At least I've made one childhood dream come true
well apperantly i passed out on the stairs shouting "victory".
Just had Jager bombs for breakfast with her roommate... I do not regret this newfound lesbianism.
Your friend, the one I told I would brush his teeth with my tongue, what's his name again?
Now that weed is legalized There needs to be reusable bags for people to pick up with. All this plastic is so bad for the environment and a waste
Pants off. Spirits lifted.
Who wrote "the chamber of secrets has been open, enemies of the heir beware" across my bathroom wall?

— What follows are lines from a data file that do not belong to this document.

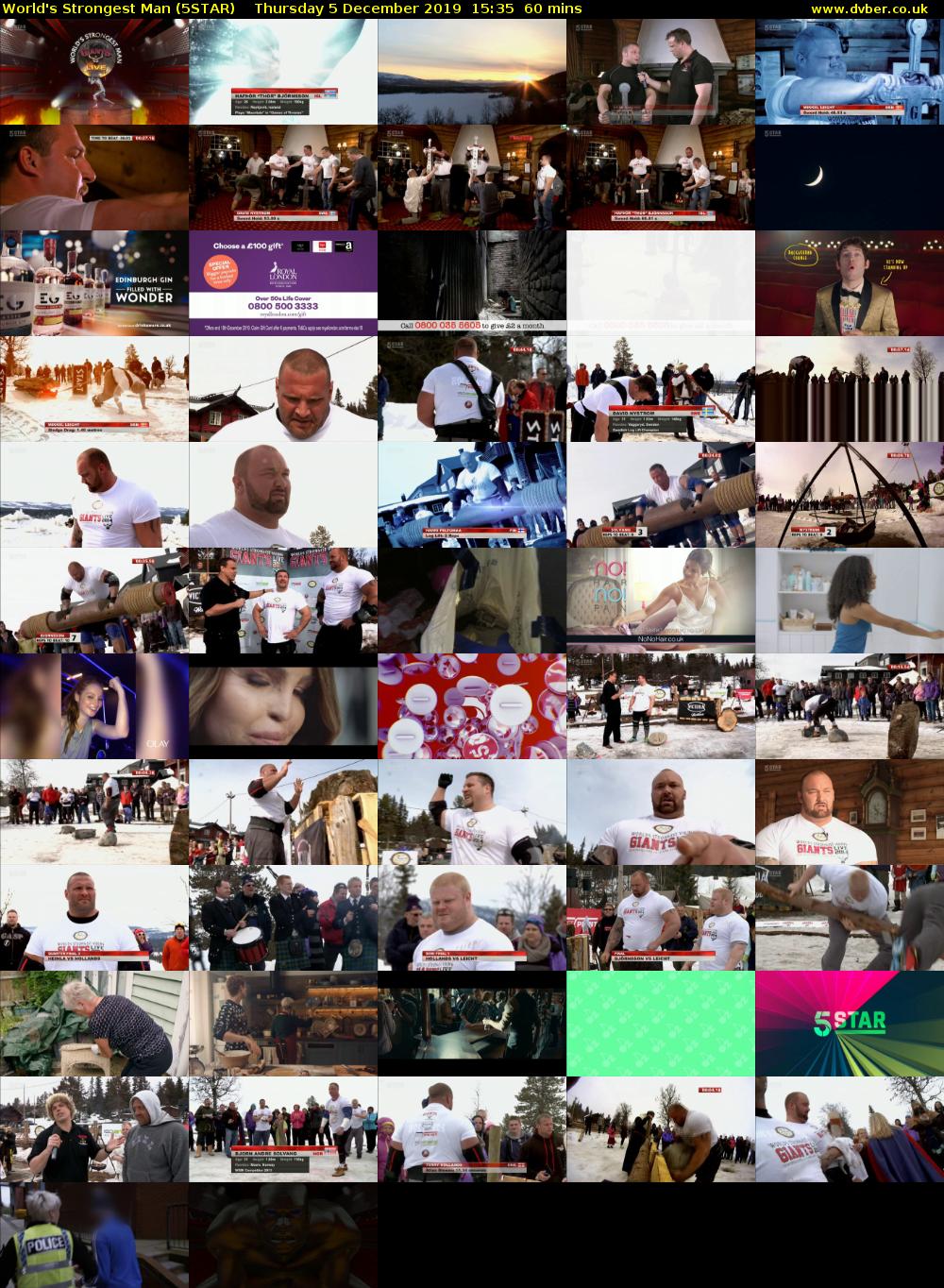 World's Strongest Man (5STAR) Thursday 5 December 2019 15:35 - 16:35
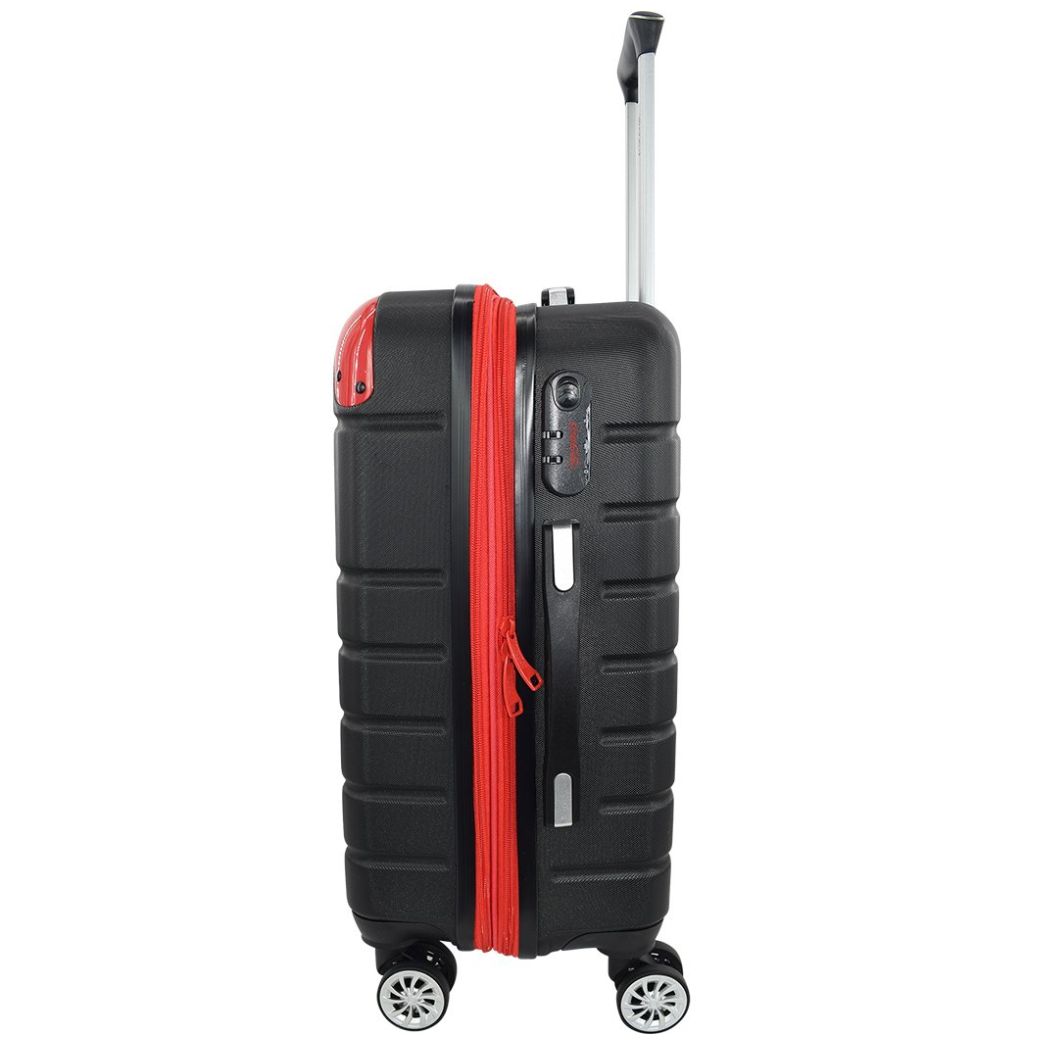 Maleta Solid 20" Negro Coca Cola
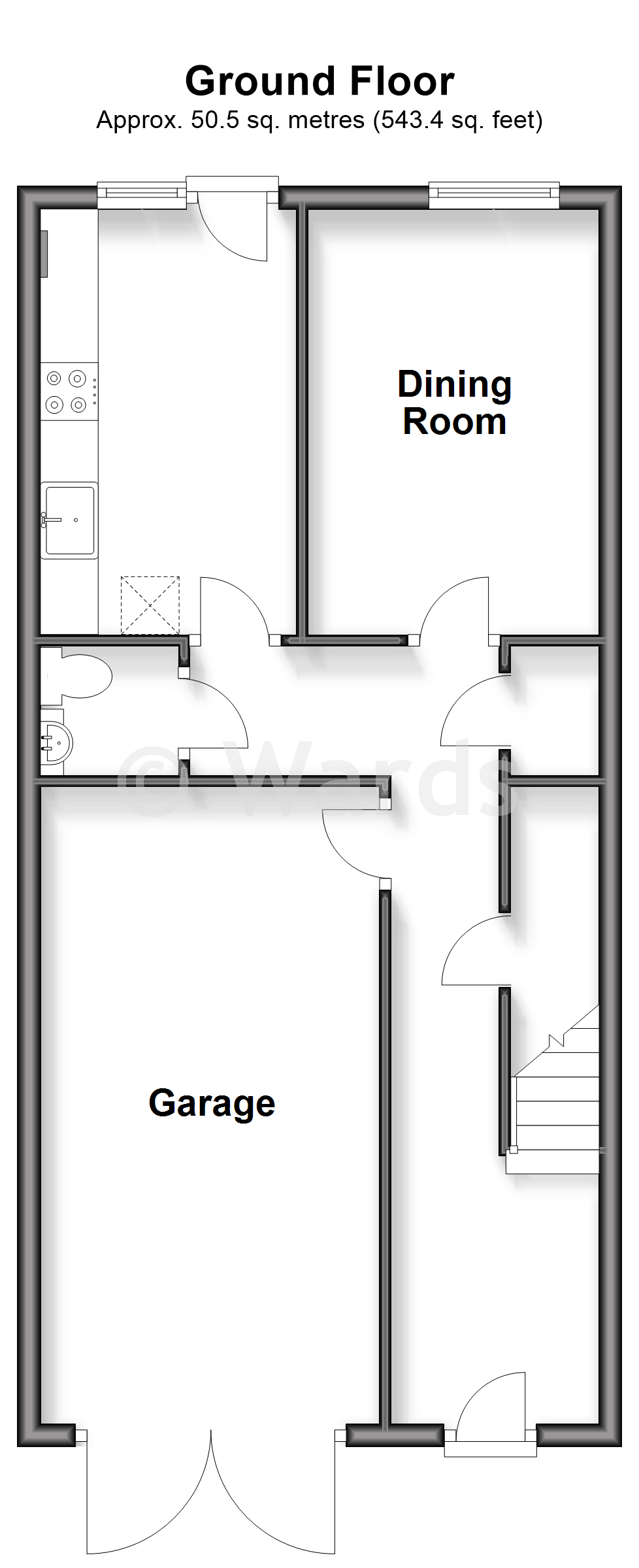 The Oast, St. Lawrence Forstal, Canterbury floorplan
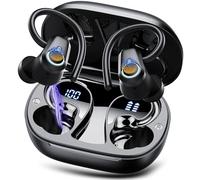 Auriculares Inalambricos Deportivos, Auriculares Bluetooth 5.3 HiFi Estéreo con HD Mic, Pantalla LED, 50H Cascos Inalambricos Bluetooth con Cancelacion Ruido ENC, IP7 Impermeable Cascos para Running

Some guy just ordered at Cosmo and 2 screwdrivers in the sky club at 8:30 am. I'm starting to feel a lot better about my alcoholism
Should probably stop going into the gas station to look for the most normal person to hitch a ride with to drive me to a party
Did you leave it the depths of Magic Mike's favorite banana hammock?
I just put on my bra while peeing. I fear this will be my big achievement of the day.
Do toy wanna orseer frim onedof tjose plaves? Sry textimg with globes on
Gloves*
Out of all the words to correct, you chose gloves??
I couldn't be more proud to be a cougar. Just wondering how these twenty somethings learned how to fuck so well? Must be porn.
Like how do you live your life and have never made a grilled cheese? The audacity of some people
It’s bad enough my brother slept with half of the sorority this year, but now he’s lifeguarding at the club and every divorcée and cougar in town is asking me for his number. My twin is a manwhore and I’ve become his pimp.